Unfortunately Suzu is to far away to hang out and do things together, so we skype. We try to skype once a week and to this skype sessions we bring things we want to discard. We tell each other why it is hard to throw them out or our reasons for keeping them. We ask each other questions and watch each other discard things. Last session I thought I had nothing to toss. Those sessions have a funny effect on my. When I see something that would be good for the session cause I just can't do this on my own but I think I really should let it go, the second I decide I will bring it to the session, all of a sudden I can let it go.
So last session I said I have nothing. It was the night of the report incident. I told Suzu what had happened. She asked me a few questions. One was like"What do the stand for?" We kept talking. And all of a sudden it hit me. It wasn't about the reports per se. It was about what I used to be. A bright young woman getting an education and excelling at it. A girl who jokingly predicted her future job. A job that shaped me in many ways and which gave me the opportunity to met a set of very unique people , who all were there very own version of wonderful.
We talked about that and once I realized what they represent I know why it was so hard to let go.I also knew that those people still are my friends and that the memories are there and that's when I was able to let go. Yes. Lots of tears, but not over the reports but over all those emotions hidden inside.
I dropped the reports into the recycling bin right there for Suzu to see. And wouldn't you know it. At the end of our conversation she asked me about them again and I had forgotten I tossed them if it hadn't been for her reminder.

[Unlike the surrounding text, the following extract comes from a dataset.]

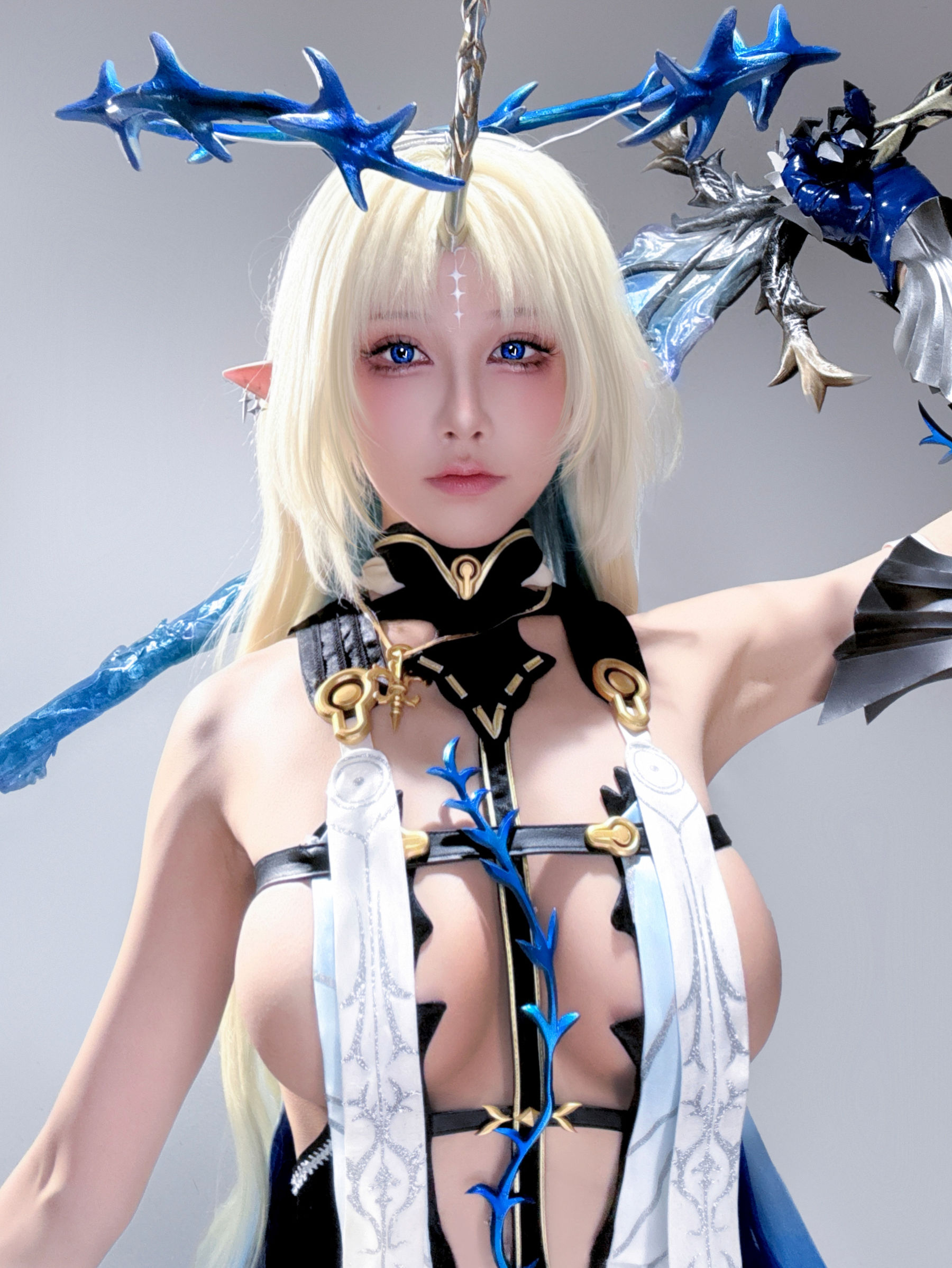 动漫博主水淼aqua - 芙露德莉斯 Fleurdelys 自拍/(24P)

Tossing them in the morning cause I felt I needed to do that had brought confusion, feeling stupid and broken and a flood of tears And of course a fresh wave of feeling depressed.
Just 8 hours later letting them go was fine and I felt like I knew myself a little better!

Thanks Suzu!

2017-05-10

10.000

10.000 views of this page. I wonder how many of them actually wanted to be here and didn't just end up here by clicking "next blog". Does it matter? No. It doesn't. Blogging helps me clear my head. It helps me sort my worries.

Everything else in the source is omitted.